Quoted from AlanJ:I’m happy to have a look at these, I need to grab some arduino/esp32s code that displays those file formats to a tft display.
I'm not entirely sure what the other suggestion was getting at. PNG and GIF are both compressed as well. They are just "non-lossy" formats, whereas JPEG is "lossy". With PNG and GIF you get exactly the same pixels back after compressing and decompressing, while JPEG will invariably involve subtle differences (but typically not noticeable to the human eye). With any of those formats, there will be a decompression step.
What kind of profiling tools are available for software dev on this platform? I've barely used Arduino myself, and don't have any experience with the ESP32 stuff.

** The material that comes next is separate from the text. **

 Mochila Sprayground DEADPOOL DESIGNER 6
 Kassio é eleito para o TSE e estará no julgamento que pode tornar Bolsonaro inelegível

But if this were a regular PC platform, I would be using a debugger with a profiler to track down what's actually taking time.
That said, given that the rendered numerals work fine (if I understood your notes correctly), that suggests that the issue is either I/O from the SD card, which can vary considerably depending on what kind of media controller you're using, or compression. It seems you've determine it's the latter; hopefully it's by some means you consider reliable.
What is the RAM budget for the project? Is there even any separate RAM? I looked at what I think are the specs for the ESP32 kit you're using, and all I see are specs for flash RAM and 520 KiB of SRAM. And I don't see a separate RAM component on your materials list. Can you increase it considerably while keeping the whole project cost within your goals? Because it seems to me that if the rendered fonts are fine, the most obvious approach would be to just cache the uncompressed images in RAM.